Yes, it seems the NET_INC_STATS_BH() in tcp_transmit_skb() should really
be a NET_INC_STATS(), even if it currently doesn't matter, even on 32bit
arches.



--
To unsubscribe from this list: send the line "unsubscribe netdev" in
the body of a message to majordomo@vger.kernel.org
More majordomo info at  http://vger.kernel.org/majordomo-info.html
Hannes Frederic Sowa Feb. 19, 2014, 7:30 p.m.

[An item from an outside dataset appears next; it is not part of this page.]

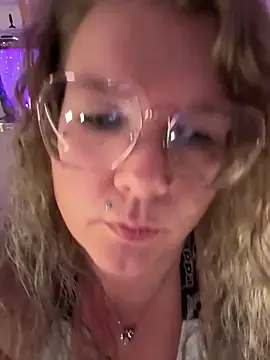 CurvyAnonymousGirl89 online show from 02-20-26, 05:02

UTC | #7
On Wed, Feb 19, 2014 at 08:18:31PM +0100, Florian Westphal wrote:
> Hannes Frederic Sowa <hannes@stressinduktion.org> wrote:
> > On Wed, Feb 19, 2014 at 10:49:47AM -0800, Eric Dumazet wrote:
> > > On Wed, 2014-02-19 at 13:17 -0500, David Miller wrote:
> > > > From: Florian Westphal <fw@strlen.de>
> > > > Date: Mon, 17 Feb 2014 22:57:48 +0100
> > > > 
> > > > > Three counters are added:
> > > > > - one to track when we went from non-zero to zero window
> > > > > - one to track the reverse
> > > > > - one counter incremented when we want to announce zero window.
> > > > > 
> > > > > The latter is added because it can show cases where we want to close the
> > > > > window but can't because we would shrink window.
> > > > > 
> > > > > Suggested-by: Eric Dumazet <edumazet@google.com>
> > > > > Signed-off-by: Florian Westphal <fw@strlen.de>
> > > > > ---
> > > > >  Eric, is this what you had in mind?
> > > > > 
> > > > >  I re-ran my 'slow-sender-with-reader-that-does-not-drain-socket'
> > > > >  scenario and, as expected, only TCPWANTZEROWINDOW increases.
> > > > 
> > > > Eric, ping?
> > > 
> > > Thanks, I missed this patch. Let me think about it, thanks !
> > 
> > We need NET_INC_STATS instead of NET_INC_STATS_BH, no?
> 
> sure, I can send v2 but I'll wait for (n)ack from Eric first
> before considering it.
> 
> tcp_transmit_skb (caller of tcp_select_window) also uses _BH
> which is why it ended up in tcp_select_window.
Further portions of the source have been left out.